手を入れて動かす表情豊かな人形「パペット」を使い、東京をはじめとする日本の文化を短編動画として世界に発信している女性に密着しました。動画を撮り始めたきっかけは、コロナ禍で仮装ができないという一風変わった理由からでした。

東京・新宿にあるアパレルショップ・ビームスジャパンが「東京のポップカルチャー」として目を付け、店内に展示しているのは、人形劇などで使われるパペットです。回転ずしをモチーフにしたパペットなどおどけた表情で個性豊かな人形たちが並べられています。これらのパペットは短編動画に登場し、銭湯で風呂の入り方を注意したり筆を持って書道に励んだりと、東京をはじめとする日本の文化を世界に向けて発信しています。

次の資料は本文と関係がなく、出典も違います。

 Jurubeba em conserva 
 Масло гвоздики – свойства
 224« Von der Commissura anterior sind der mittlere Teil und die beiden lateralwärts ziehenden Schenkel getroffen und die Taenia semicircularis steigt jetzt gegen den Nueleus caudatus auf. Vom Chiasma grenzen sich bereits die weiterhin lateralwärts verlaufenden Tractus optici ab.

この動画を制作しているのは「スタジオバニー」代表の伊藤沙帆さんです。伊藤さんは渋谷区でカフェを営む傍ら、2020年から短編映像を作り始めました。絵コンテ作りから映像編集まで手掛けていますが、以前は映像制作に関わったことはなかったということです。伊藤さんは「全くの素人でした。お客さんの中に映像の"師匠”がいて、その人に指導をもらっている」と話します。

カフェの常連客たちと力を合わせ、これまでにパペット20体以上を使い、15本以上の短編を作ってきた伊藤さんですが、動画制作を始めたきっかけは"生きがい”としていた「仮装」ができなくなったことでした。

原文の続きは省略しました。